Tale Spin is a below-the-line marketing communications agency. We formulate and implement communication strategies that support the brand, sales and corporate objectives of our clients.

PR is our core competence, yet our service offering covers all aspects of marketing and communication.

Monday, April 6, 2009


Explaining what Public Relations is and how it works is quite a challenge. I often find that there is a lack of understanding from the client’s side about what PR can and can't achieve, what works and what doesn't and then there is the confusion about what PR can do vs advertising.

Being a PR professional is about knowing how things work behind the scenes and armed with this knowledge educating clients, managing their expectations and creating an understanding of how to leverage media participation.
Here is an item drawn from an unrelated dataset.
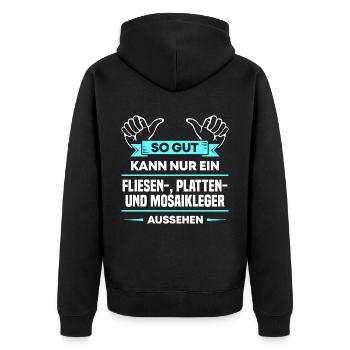 Fliesenleger Design für stolze Handwerker - Unisex Premium Bio Zip Hoodie - Schwarz - Hinten - Nico (187cm)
Public relations creates a favourable climate for a product, service or issue, it does not directly sell it. It builds profiles and awareness; manages reputation and moulds perception. Traditionally, it is judged as more credible by the public because it is not paid for, however, there is less control over the message. The point is, public relations helps to ensure visibility - it is important that companies and service providers are seen to be having an opinion and contributing to their industry regularly.

If you are a small or medium size business, largely unknown with little or no previous PR profile and you embark on a PR campaign you start off as a WHAT:
  • a serviced office provider
  • a recruitment consultant
  • an IT company
  • a property developer
You say what you do using now angles, trends and statistical slants, but then as you chip away at it and you repeatedly expose yourself to your target audience, people start to take notice and through continuous leadership you become a WHO – then people want to listen to what you have to say and they look forward to reading your articles. Ideally this is where you want to get to.

On the journey to becoming a "who" you need to follow some basic rules:

Use the press release wisely. It is the lowest common denominator in the PR process but is vitally important. Good content presented correctly to journalists either on an individual basis or to a small group, which provides value to readers is what it is all about. Remember, copy has to compete for media play on intrinsic news value that commands media attention in credible, targeted slots.

Don't spam the media. Use well researched media lists. Research your target media, buy copies of the magazines and newspapers or subscribe to the e-zine to familiarise yourself with the content, style and specific sections/columns.

Address journalists through personal e-mails or phone-calls - state upfront what the content of the release includes and why it is suitable for their publication/column.

Clients must be available for comment. If your agency is sending out a release be prepared to field media phone calls and provide additional information immediately. Respect journalists’ deadlines.

Have supporting hi-res photographs on hand. Print media can only use hi-res pictures. For newspaper print quality you need a file size of about 600k, for magazine quality your picture must be 300dpi with a file size of at least 1meg.

Brainstorm. It is always interesting and refreshing to involve someone else’s point of view on a particular case. Involve you client and colleagues in the challenges faced, share knowledge and creativity to solve them.

Make PR work strategically and tactically for your clients and your agency. Spend time thinking things through and connect with your clients and the media. This will go a long way to ensuring that your clients see PR as an essential item on the budget.